A few years ago I was introduced to beer batter chicken by a friend. It was a favorite, nearly weekly meal for he and his kids. It quickly became a requested meal by my children as well. He had used a box mix to make his batter, but I knew I could put together a batter with pantry items that are always on hand and much less expensive. Beer batter chicken night quickly expanded to beer batter chicken and onion rings, then pickles, then green tomatoes, then mushrooms, and then my favorite, garlic cloves. Now we have Beer Batter Everything night!!
The one thing I liked about the first beer batter chicken that I had, is it was in two-bite pieces, so I still prepare it like that. What I have found is that this is a perfect “eat around the kitchen island” meal. It never makes it to the table. Fried food is best hot out of the oil, crisp and salty. I put a huge serving plate in the middle of the island with a variety of dipping sauces around it, and everyone just grabs and gabs. The minute the first batch comes out of the oil, the plate is descended upon as if by vultures!
I fry in a frying pan, though some prefer to use an electric fryer. I use a standard vegetable oil, but you can use whatever clear, flavorless oil you prefer. Just remember that it must be able to be heated to 365-375 degrees. It takes about 4 cups of oil to fill the pan so that there is about 1 1/2-2 inches of oil in the pan. A fryer will have a temperature setting. For a frying pan, you can use a deep fat frying thermometer. If you don’t have a thermometer, you can test the oil by placing the handle of a wooden spoon in the oil, if the oil bubbles around the handle, it is ready. Some also recommend tossing a small square of bread in the oil and it will brown in about a minute, or tossing in a single kernel of popcorn in and it will pop when the oil is about 360-365 degrees. I use the more discouraged method of dripping a single drop of water into the oil while standing clear of splatter, if it pops, then the oil is ready. Do not use that method unless you are familiar with what happens, to avoid being burned by the popping oil.
1 1/2 – 2 C all-purpose flour
1 lg egg
1 t garlic powder
1/2 t salt (I use garlic salt or spicy seasoned salt)
1/2 t ground pepper
1 1/2 C beer (= 1 12oz bottle beer)
Course ground Kosher or Sea Salt
Whisk all of the ingredients together in a large bowl. Be sure it is well blended. Allow to sit for a few minutes to let the beer bubbles settle.
Be sure that the pieces of food that you drop into the oil are consistent in size so they cook evenly.

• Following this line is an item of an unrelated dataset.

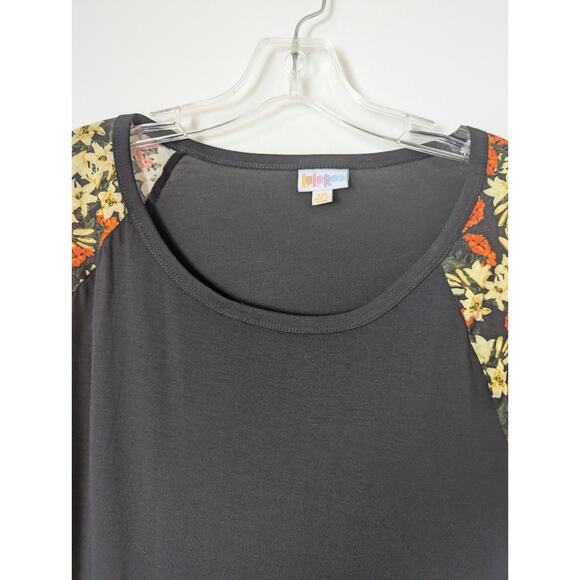 LuLaRoe Julia T-shirt Dress Size 3XL Black Floral Stretch NEW - Picture 4 of 9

Dip the food into the batter and place gently into the oil. Avoid over-crowding the pan. I put about 8-10 pieces in at a time.
Once you have all of the pieces in the oil, use a long handled utensil to be sure they are all separated and not sticking to the bottom of the pan.
Remove with a slotted spoon and place on clean paper towel. Be sure to change the towel with each batch to keep the food from re-absorbing the oil and becoming greasy and soggy. Salt generously while still hot, then transfer to a fresh paper towel on the serving plate. If you chose to serve the food all together at the table, you can put it on a baking sheet and place in a 300 degree oven to keep it warm and crisp.
Serve with a variety of dipping sauces: BBQ, honey mustard, Ranch dressing, Buffalo Sauce, ketchup, Bleu Cheese dressing, etc.
Did I mention how much I love fried garlic cloves!?! Be sure to give them a try!! Enjoy!